Single by Colapesce and Dimartino
- Language: Italian
- Released: 9 February 2023
- Genre: Indie pop
- Length: 3:30
- Label: Sony Music Entertainment Italy
- Songwriters: Antonio Dimartino; Lorenzo Urciullo;
- Producers: Federico Nardelli; Giordano Colombo;

Colapesce singles chronology
| "Non chiamarmi mai" (2023) | "Splash" (2023) | "Considera" (2023) |

Dimartino singles chronology
| "Non chiamarmi mai" (2023) | "Splash" (2023) | "Considera" (2023) |

Music video
- "Splash" on YouTube

= Splash (Colapesce and Dimartino song) =

2023 single by Colapesce & Dimartino

"Splash" is a song written and recorded by Italian singer-songwriters Colapesce and Dimartino. The song competed in the 2023 edition of the Sanremo Music Festival, placing 10th in a field of 28. The song was awarded the Mia Martini Critics Award, and also received the "Lucio Dalla" Press, Radio, TV, & Web Award. The song is part of their film debut La primavera della mia vita.

==Lyrics==
The song deals with two different but interconnected themes: the weight of expectations that drive people to always seek something more, not enjoying what they already have, and the restlessness to constantly do things so as not to feel the emptiness of life.

==Reception==
The song was well received by critics.

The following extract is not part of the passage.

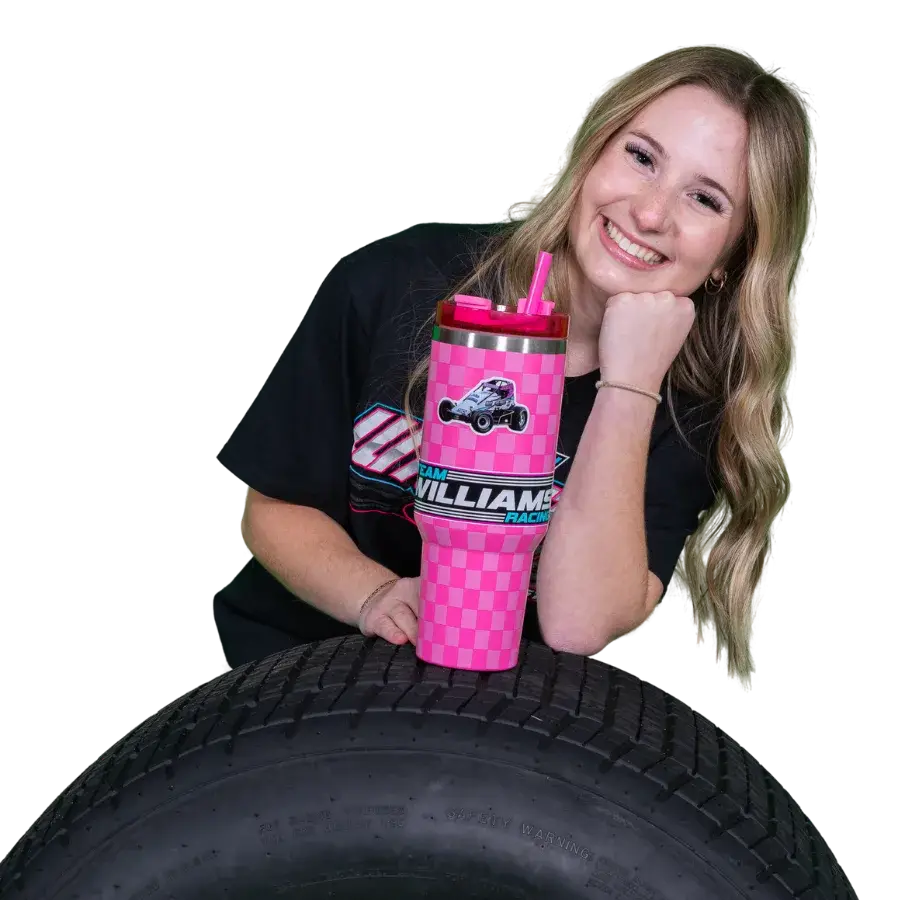 Ashley Williams leaning on sprint car tire with pink Ashley Williams Racing tumbler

In its review of the Sanremo songs, Rolling Stone Italia gave the song a 10/10, describing the song as their ideal winner, and as a song which "has everything: the musical construction, the lyrics, the unspoken triggering the imagination, the on-stage performance". The critic Stefano Benzi referred to the song as "smart, pandering, extremely clever lyrically and in terms of arrangements". Fabio Fiume from All Music Italia rated the song 8/10, writing the song is "nostalgic, truthful, ironic, and not least singable". The Panorama critic Gabriele Antonucci gave the song a 7,5 rating, putting the song above previous Colapesce-Dimartino's hit "Musica Leggerissima", and noting echoes of Lucio Battisti's 1970s productions, Domenico Modugno's "Vecchio frac" and Franco Battiato's electropop of the early 1980s. Gabriele Fazio from Agenzia Giornalistica Italia described the final 10th place at the Sanremo Festival as a "scandal", but praised their Mia Martini Critics' Award win, "not the most important prize but the only prize that counts".

==Music video==
The music video for the song was directed by Salvo "Zavvo" Nicolosi and Giovanni Tomaselli.

==Other versions==
A Spanish version of the song titled "Splash (màs que mares)" featuring Rigoberta Bandini was released in April 2024. South Korean crossover trio Penguin In The Water presented a cover version of the song during the singing competition show Phantom Singer.

==Charts==
===Weekly charts===

| Chart (2023) | Peak position |
|---|---|
| Italy (FIMI) | 8 |
| Italy Airplay (EarOne) | 6 |
| San Marino (SMRRTV Top 50) | 7 |
| Switzerland (Schweizer Hitparade) | 91 |

===Year-end charts===

Year-end chart performance for "Splash"
| Chart (2023) | Position |
|---|---|
| Italy (FIMI) | 54 |

==Certifications==

Certifications for "Splash"
| Region | Certification | Certified units/sales |
| Italy (FIMI) | 2× Platinum | 200,000^{‡} |
^{‡} Sales+streaming figures based on certification alone.